Recovery Script Usage

This page names the current scripts and where each command runs.

Current Restore Scripts

Script	Run from	Purpose
`scripts/restore/00-preflight-access.sh`	Administration workstation	Validate `ssh pve`, `ssh -p 2242 nas`, NAS path, optional guarded `ssh docker`, and target CT identity
`scripts/restore/01-stage-backup.sh`	Administration workstation	Copy the NAS backup to local `/tmp` with tar over SSH and write `.copy-complete`
`scripts/restore/02-validate-artifacts.sh`	Administration workstation	Validate archive shape, database dump shape, and required service artifacts
`scripts/restore/03-restore-docker-services.sh`	Administration workstation via `ssh pve` and `pct exec`	Copy staged backup into CT `101` and run the inner Docker restore
`scripts/restore/04-validate-services.sh`	Administration workstation via `ssh pve` and `pct exec`	Validate networks, PostgreSQL, restored databases, containers, and Traefik availability
`scripts/recover-docker-services.sh`	Inside target Docker LXC, normally invoked by stage 03	Restore Docker networks, compose files, env files, archives, PostgreSQL dumps, and services

The older root-level helper scripts are still relevant:

Script	Run from	Purpose
`scripts/create-docker-host-lxc-101.sh`	Proxmox host as root	Create or update CT `101 docker-host`; refuses an existing wrong hostname
`scripts/bootstrap-debian13-docker-lxc.sh`	Inside the new Docker LXC as root	Install Docker Engine and create `/opt/docker/compose` and `/opt/docker/volumes`
`scripts/proxmox-host-maintenance.sh`	Proxmox host as root	Optional host maintenance; not part of a restore unless planned

Create the Docker LXC

scripts/create-docker-host-lxc-101.sh must run on the Proxmox host as root. From the administration workstation, the simplest safe pattern is to stream the local script over the documented SSH alias:

ssh pve 'bash -s' < scripts/create-docker-host-lxc-101.sh

Run this read-only check first:

ssh pve 'hostname; command -v pct; command -v pveam; pct status 101 || true; pct config 101 || true'

If CT 101 already exists, the script accepts it only when its hostname is the expected docker-host. A different hostname causes the script to stop before changing that container.
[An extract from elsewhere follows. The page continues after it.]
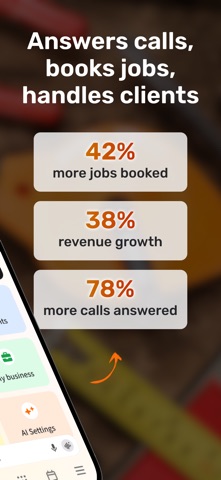 Overbooked : AI Field Service iPhone screenshot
To run with explicit settings, copy the answer file to Proxmox, edit it there, then stream the script:

scp scripts/recovery-answer.env.example pve:/root/recovery-answer.env
ssh pve 'nano /root/recovery-answer.env'
ssh pve 'bash -s -- --answer-file /root/recovery-answer.env' < scripts/create-docker-host-lxc-101.sh

The answer file path in that command is a path on the Proxmox host, not on the workstation.

The create script downloads the Debian LXC template when needed. It queries Proxmox template metadata with pveam available --section system, selects the latest debian-13-standard_*_amd64.tar.zst, checks the configured TEMPLATE_STORAGE, and runs pveam download only if the template is missing.

The created container is unprivileged:

--unprivileged 1

The script always enables the standard Docker-in-unprivileged-LXC features:

nesting=1,keyctl=1

Those are applied at creation and again with pct set, so rerunning the script keeps the container converged.

Broader LXC relaxations are available only when explicitly requested:

RELAXED_LXC_SECURITY=1

That setting appends these Proxmox LXC config lines if they are missing:

lxc.apparmor.profile: unconfined
lxc.cgroup2.devices.allow: a
lxc.cap.drop:

Leave RELAXED_LXC_SECURITY=0 unless Docker workloads require those broader permissions. The script does not currently set a low-port sysctl such as net.ipv4.ip_unprivileged_port_start. For rootful Docker inside the LXC, published ports such as 80 and 443 are normally handled by Docker running as root inside the container. If a restored workload still cannot bind low ports, record the failure and decide whether RELAXED_LXC_SECURITY=1 is justified.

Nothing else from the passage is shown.